Case Study 2: Binary Search and the Off-by-One Incident
Scenario: A pricing service uses binary search to find the active pricing tier for a quantity. Customers buying exactly 100 units are charged the wrong tier because the boundary condition is inconsistent.
Source anchor: The module's binary-search invariant lesson.
Module concepts:
- binary search invariant
- boundary tests
- sorted precondition
- lower-bound and upper-bound semantics
Wrong Approach
Patch the comparison for 100 without naming what the search returns.
Better Approach
Define the invariant and return contract: first tier with minQuantity > quantity, last tier with minQuantity <= quantity, or insertion index. Test empty list, first tier, exact boundary, between tiers, and above last tier.
Tradeoff Table
| Choice | Gain | Cost |
|---|---|---|
| Ad hoc binary search | Small code | Boundary bugs |
| Library bisect/search helper | Tested primitive | Must map semantics correctly |
| Linear scan | Simple behavior | Too slow for large lists |
Failure Mode
The algorithm works for interior values but fails exactly at tier boundaries.
Required Artifact
Produce a binary-search invariant table with lo, hi, excluded region, candidate region, and expected result for boundary inputs.
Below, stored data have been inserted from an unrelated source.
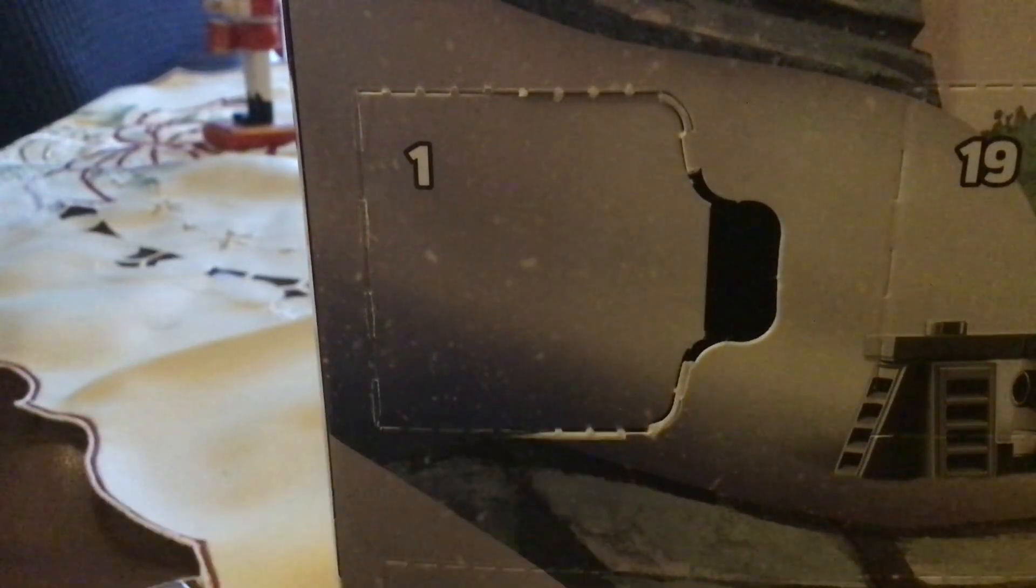And every day until Christmas Eve, I'll be showing you what's inside each of these doors. So, we'll start with day one.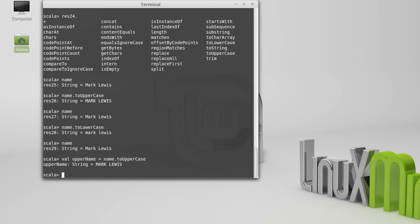That kind of covers the basic ideas of immutability and the fact that we don't change any of the values in the string. Basically, once a string is created, it's always the same, and anything that looks like it's changing it is giving you back a new string.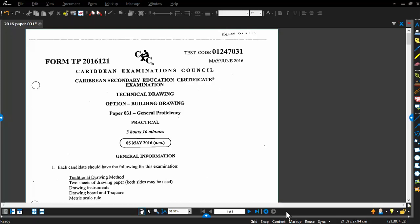Hi, good morning. Today's exercise is to do one of the questions in the 2016 Paper 31 Technical Drawing Exam. For those who are familiar, especially those who live in the Caribbean, this is typically what was originally called CXC, and now we call it CSEC, or the Caribbean Secondary Education Certificate Examination.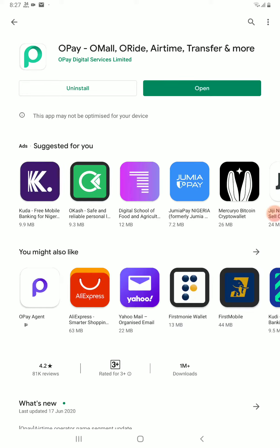To register as an agent with OPay, you first of all download the application from the Google Play Store. After downloading it completely, you can go to your desktop or normal screen face where the icon of the OPay will be appearing.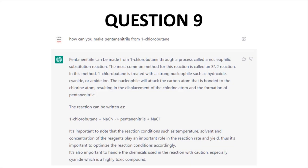Question 9: How can you make pentanenitrile from 1-chlorobutane? I went to a more direct question, and ChatGPT pretty much nailed it, with the bonus of additional generic considerations about reaction conditions and even safety concerns. This is a good answer to a well-defined question. The next question gets trickier.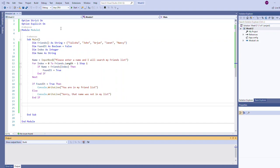Hi, welcome back. In this video we're going to look at two examples of searching an array. We're currently looking at a small example, a modification of a previous example we saw in the last video, where we have an array called friends declared up here at the top that is initialized to have five values in it.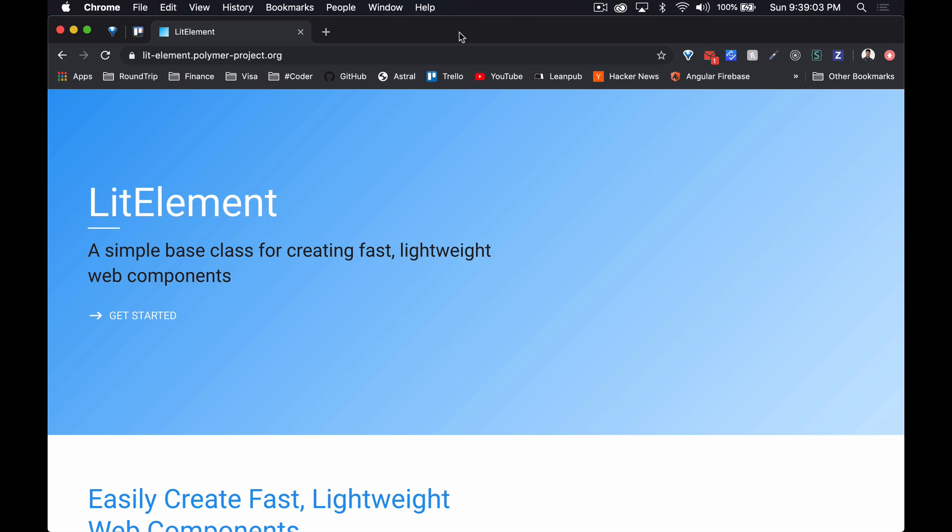Angular Elements is essentially the web component version of Angular. The next one is gonna be Stencil, which is made by the Ionic team. Then finally Bit, which actually I was looking at the website earlier and it does seem like there is some paid versions of Bit, so it'll be interesting to find out more about that. And then finally Svelte.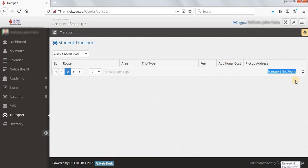If the student avails this service, only then the log can be seen; otherwise the log will be empty on this panel.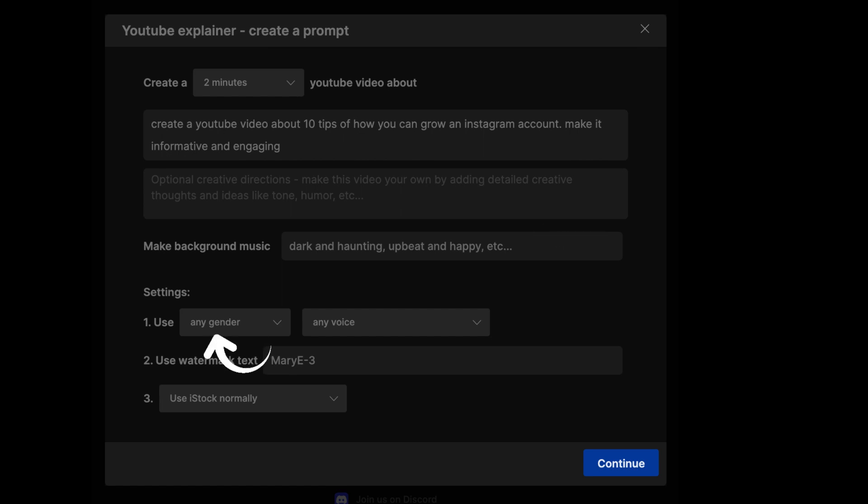On this section, you can choose the gender that you want the voiceover to be. You can choose from any, a male or a female. On this other section, that's where you can choose the voiceover voice. If you want a clear American accent, a California accent, a Southern accent, then you will have a variety that you can choose from.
Project / Capstone Connection
Attach this table to any project binary search or partition-point implementation.
Case Study 3: Queue, Stack, or Deque in a Rate Limiter
Scenario: An API gateway tracks recent requests per user for a sliding-window rate limit. The initial code stores timestamps in a list and removes expired entries from the front on every request.
Source anchor: Python Wiki time complexity.
Module concepts:
- queue operations
- amortized cost
- list vs deque
- access pattern analysis
Wrong Approach
Use a list because appending is fast and the data volume is "small enough."
Better Approach
Match the structure to the operation pattern: append new timestamp at the back, pop expired timestamps from the front, read length. A deque fits this queue behavior; a list shifts elements on front removal.
Tradeoff Table
| Choice | Gain | Cost |
|---|---|---|
| List | Familiar and indexable | Front removals are costly |
| Deque | Efficient front/back operations | Random access is weaker |
| Ring buffer | Predictable memory | More implementation work |
Failure Mode
Traffic spikes create many front removals and the gateway spends time shifting arrays.
Required Artifact
Create an operation-frequency table and justify the chosen data structure with expected operation costs.
Project / Capstone Connection
Use this table before selecting structures for queues, stacks, caches, and sliding windows.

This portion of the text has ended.